======== Data section ========

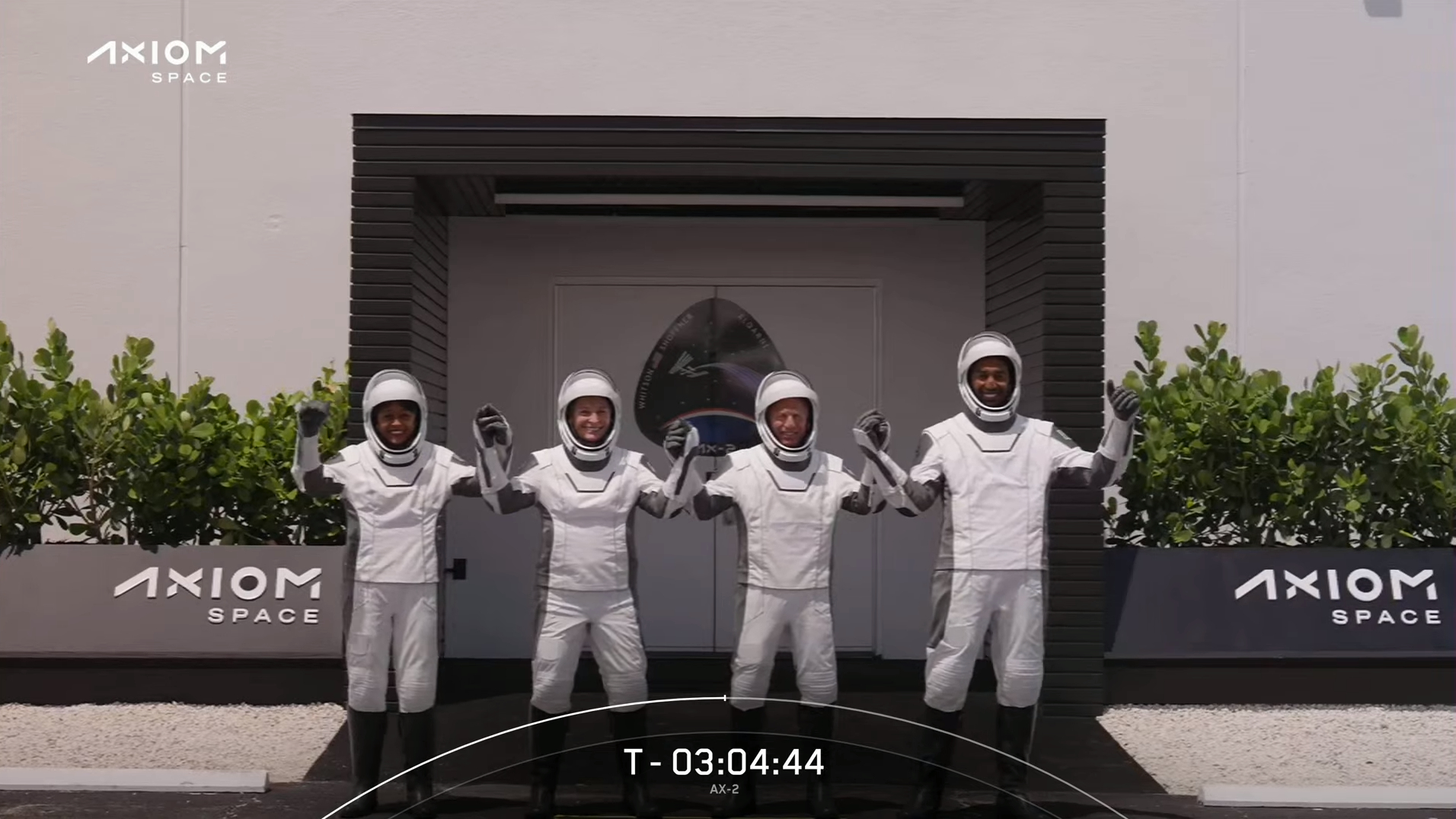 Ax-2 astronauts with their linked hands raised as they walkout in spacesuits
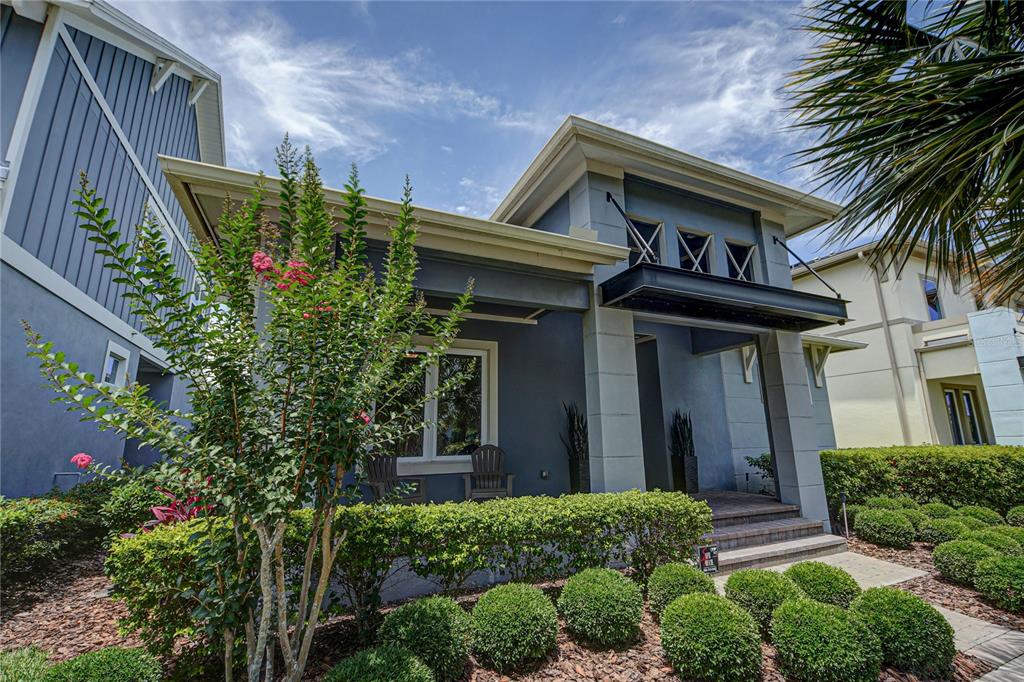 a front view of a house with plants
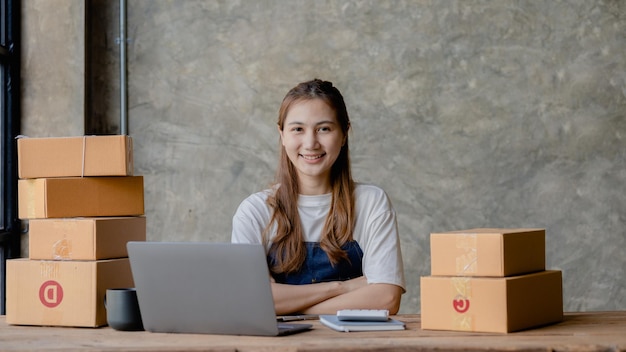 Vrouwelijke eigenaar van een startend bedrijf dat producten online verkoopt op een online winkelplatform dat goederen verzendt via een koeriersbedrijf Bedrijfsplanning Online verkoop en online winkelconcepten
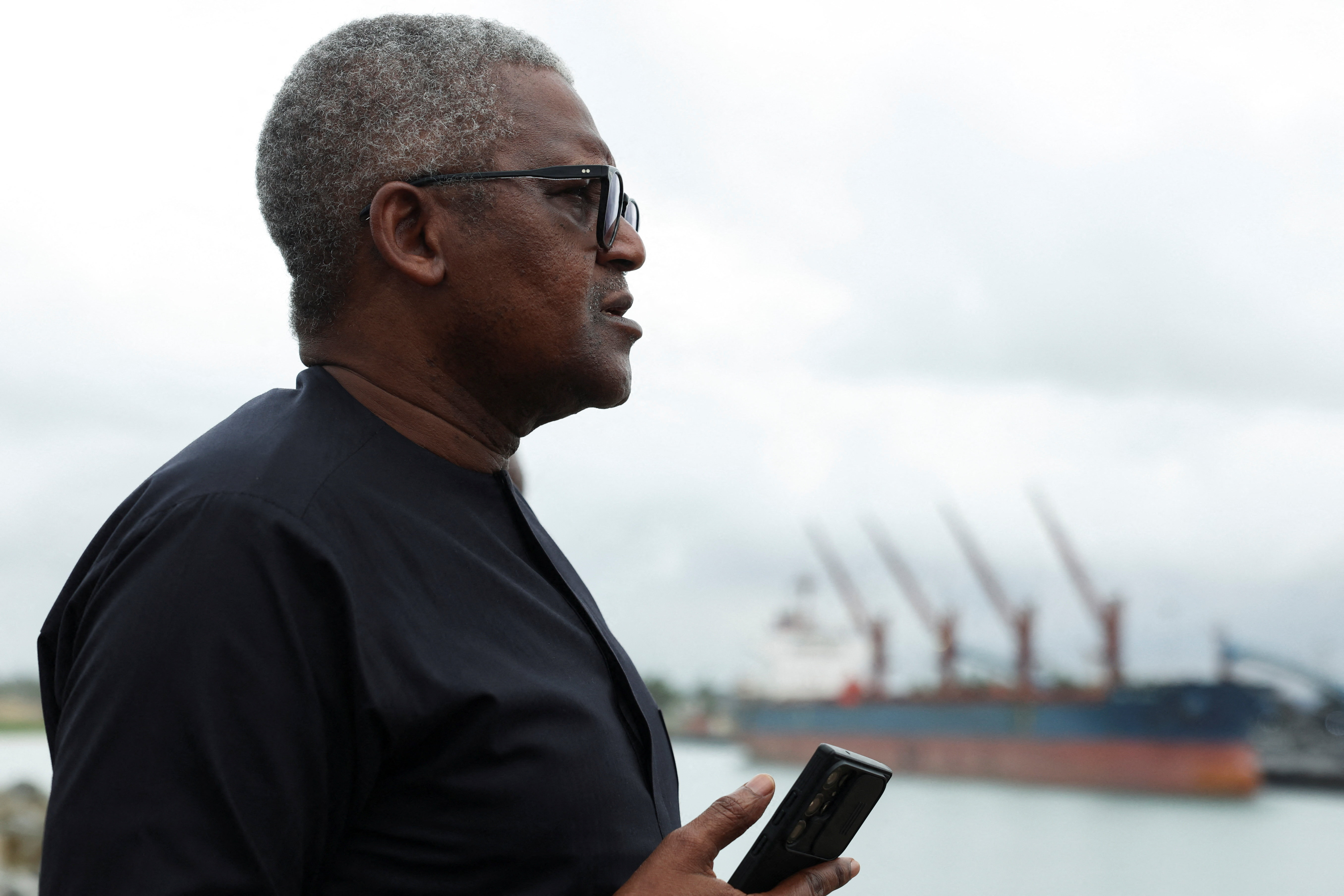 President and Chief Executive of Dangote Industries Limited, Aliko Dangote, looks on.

========

Your instructions:
Only the lines from the one containing "a front view of a house with plants" through the final line of the data are to be written out, exactly as they stand and without pictures.

Expected answer:
 a front view of a house with plants
 Vrouwelijke eigenaar van een startend bedrijf dat producten online verkoopt op een online winkelplatform dat goederen verzendt via een koeriersbedrijf Bedrijfsplanning Online verkoop en online winkelconcepten
 President and Chief Executive of Dangote Industries Limited, Aliko Dangote, looks on.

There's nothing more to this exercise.